④校庭を放棄し、もっと高い大船渡中学校へ逃げる指示を出したのである。  本当に、これがよかった。  また、柏崎校長はじめ教職員は児童を迎えにきた保護者や体育館に避難してきた30人ばかりの地域の人にも「ここは危ない。  高台に逃げて下さい」と呼びかけたと校長はメモに記している。

⑤ところが津波はもうそこまで迫っていた。  大船渡小の教職員は、またここで、後日、保護者に感謝される行動をとった。  迫る津波に、校門から非難する余裕はないとみて、山手のフェンスから避難させた。  (中略)

⑥大船渡小の校門は標高7メートルしかないが、学校裏手は斜面になり、はい上がれば標高12メートルとなるうえ、高さ1メートルほどのフェンスが立ちふさがっている。  津波の時には、どんなに不格好でも道なき道でも一番はやく高いところに登れる場所に向かってまっしぐらに逃げるのがよさそうである。

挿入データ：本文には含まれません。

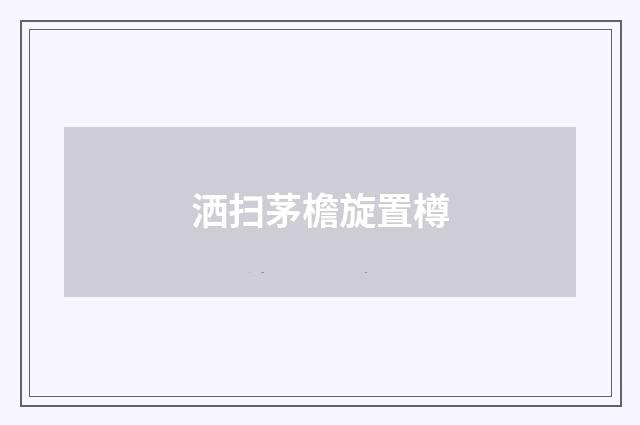 洒扫茅檐旋置樽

⑦背後から津波が迫るなか「フェンスを登れない一年生児童を教職員が引き上げた」(柏崎メモ)。  大船渡小を襲った津波は標高10メートル付近まで侵した。  児童全員を校門から整然と行進させていれば、危なかった。  (中略)

⑧危険察知本能があっても人間はなかなか平時と違う行動がとれるものではない。  とくに公務員や教員は臨機応変して日々利益を追うビジネスマンと違い、規則にのっとる行動をとりやすく、集団の指揮を任されると、平時の公平と穏当を前提にした常識にとらわれやすい。  心すべきことである。

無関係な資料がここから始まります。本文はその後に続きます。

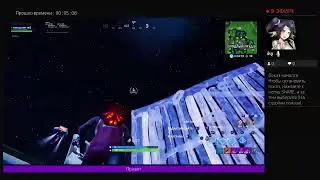 Стримок/по Fortnite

⑨災害は過去の例をこえることもある。  災害時にはマニュアル・被害想定・避難所の安全を過信してはならない。  眼前の現実こそが教科書となり、危険の直感こそが生存への道標(みちしるべ)となる。  避難に躊躇(ちゅうちょ)は禁物。

⑩大船渡小の全校児童268人全員の無事が確認された時のことを柏崎校長はメモにこう書く。  「教職員から拍手が起こり、涙がこみ上げてくる」。  

⑪教職員21人中9人は自宅が浸水。  帰宅せず、児童を守っていた。  災害への最後の砦(とりで)は温かい心と責任感かもしれない。』